### DATASET EXCERPT
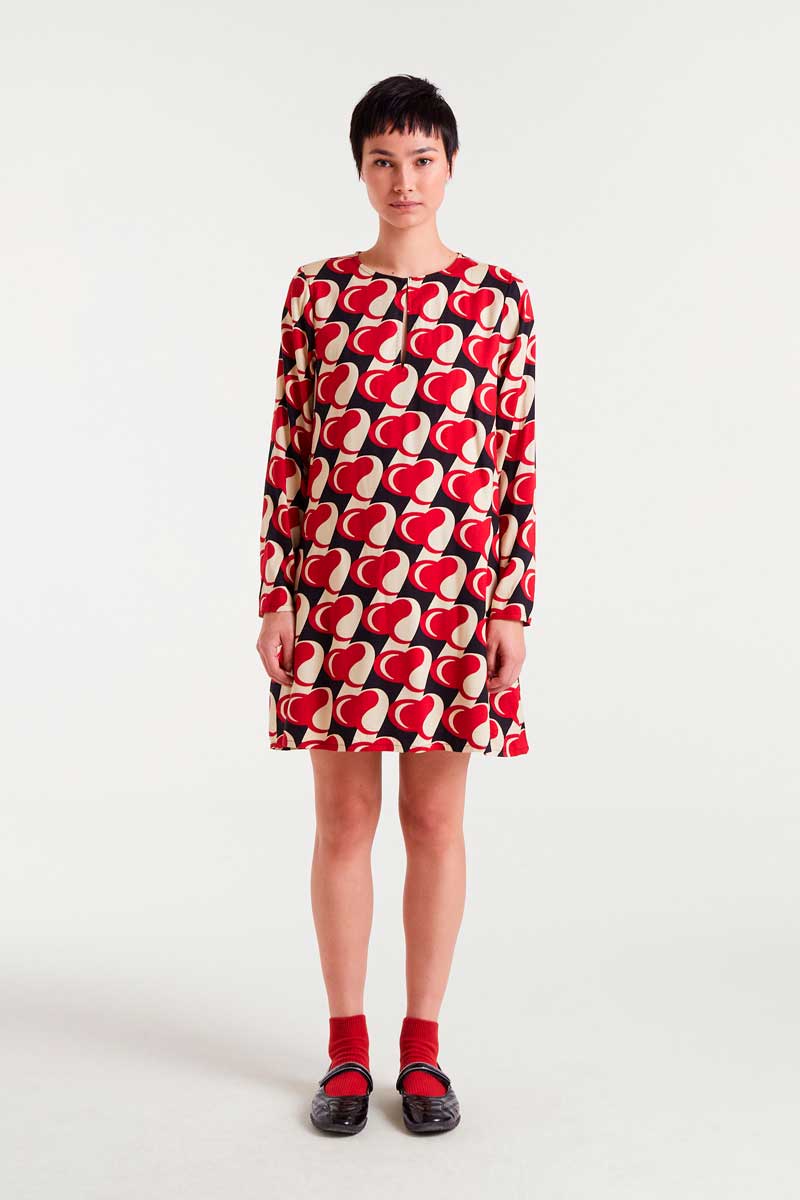 COMPANIA FANTASTICA Short dress with Heart Attack print Κοντό φόρεμα από βισκόζη με τύπωμα Heart Attack. Στρογγυλή λαιμόκοψη με κουμπιά και V-ντεκολτέ και μακριά μανίκια. Πλαϊνές τσέπες. Το μοντέλο έχει ύψος 177 εκ. και φοράει μέγεθος S. Αποστολή σε όλη την Ελλάδα σε 1-3 ημέρες. Διαθέσιμο και στο φυσικό μας κατάστημα YELLOW BUTTON Χρεμωνίδου & Δαμάρεως 61 Παγκράτι.
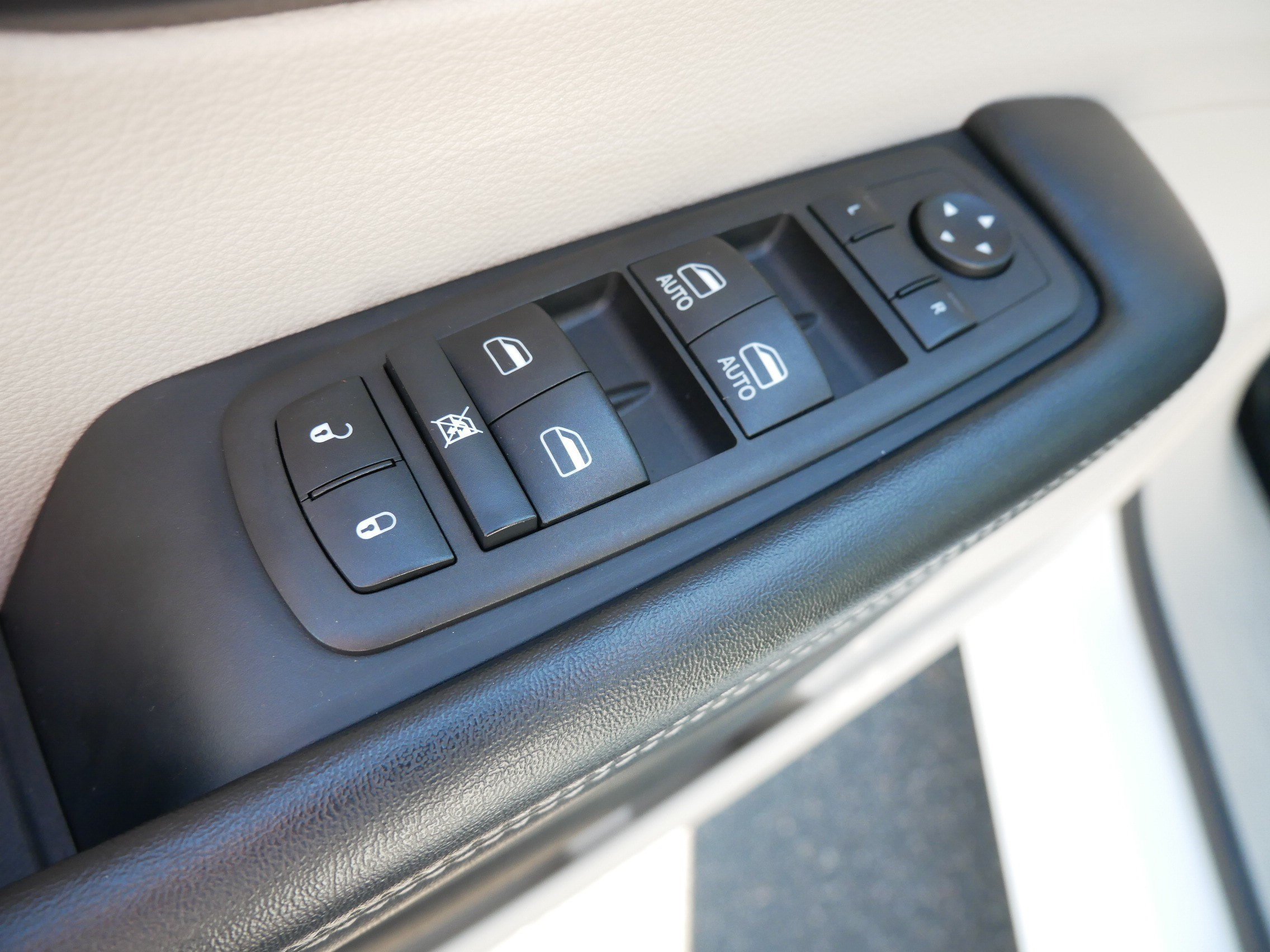 Used 2023 Chrysler Pacifica Touring-L FWD image 20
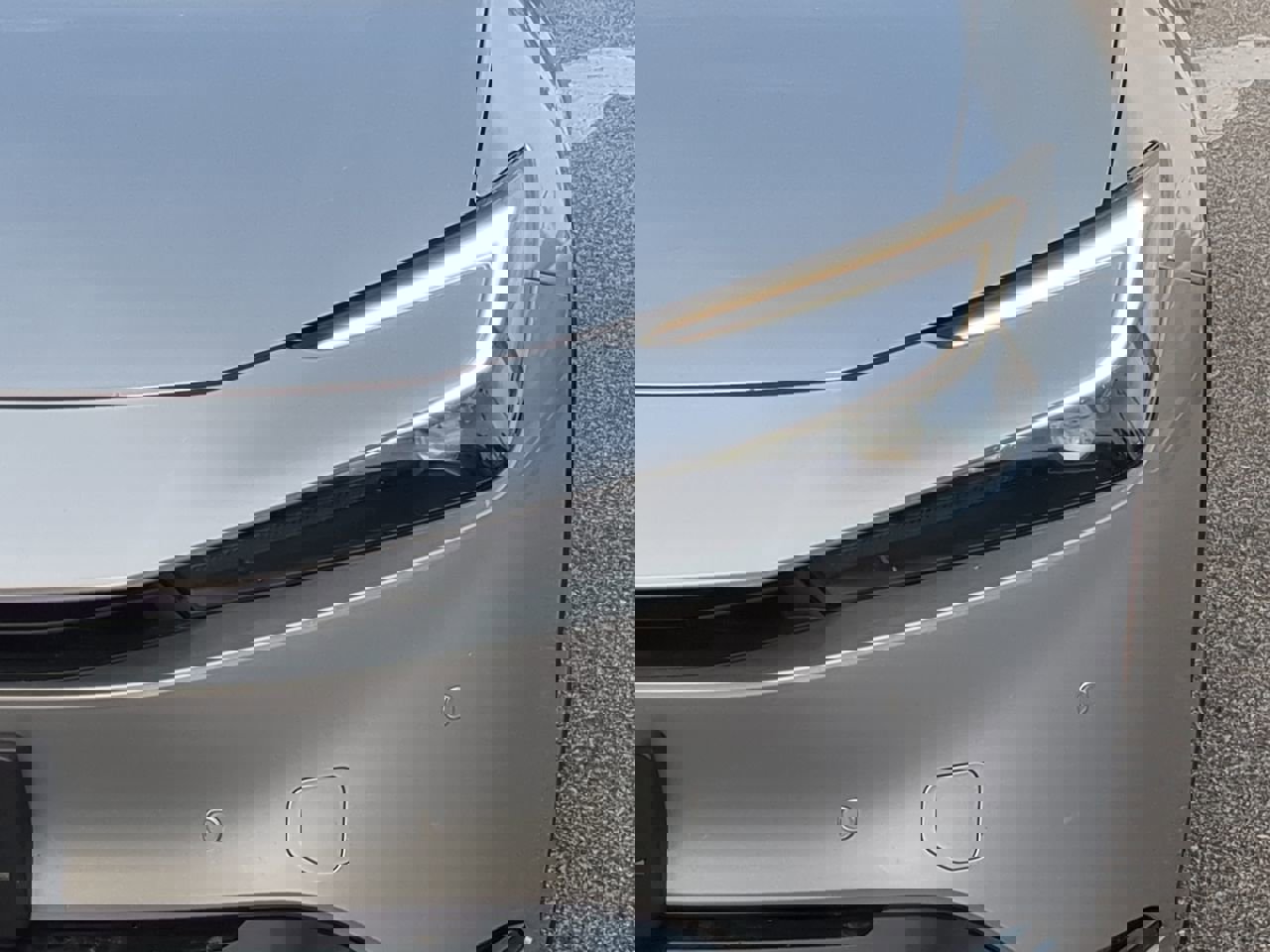 Used 2023 Toyota Prius XLE image 9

### EXERCISE
Hand back the data above exactly, leaving out all pictures.

### EXERCISE ANSWER
 COMPANIA FANTASTICA Short dress with Heart Attack print Κοντό φόρεμα από βισκόζη με τύπωμα Heart Attack. Στρογγυλή λαιμόκοψη με κουμπιά και V-ντεκολτέ και μακριά μανίκια. Πλαϊνές τσέπες. Το μοντέλο έχει ύψος 177 εκ. και φοράει μέγεθος S. Αποστολή σε όλη την Ελλάδα σε 1-3 ημέρες. Διαθέσιμο και στο φυσικό μας κατάστημα YELLOW BUTTON Χρεμωνίδου & Δαμάρεως 61 Παγκράτι.
 Used 2023 Chrysler Pacifica Touring-L FWD image 20
 Used 2023 Toyota Prius XLE image 9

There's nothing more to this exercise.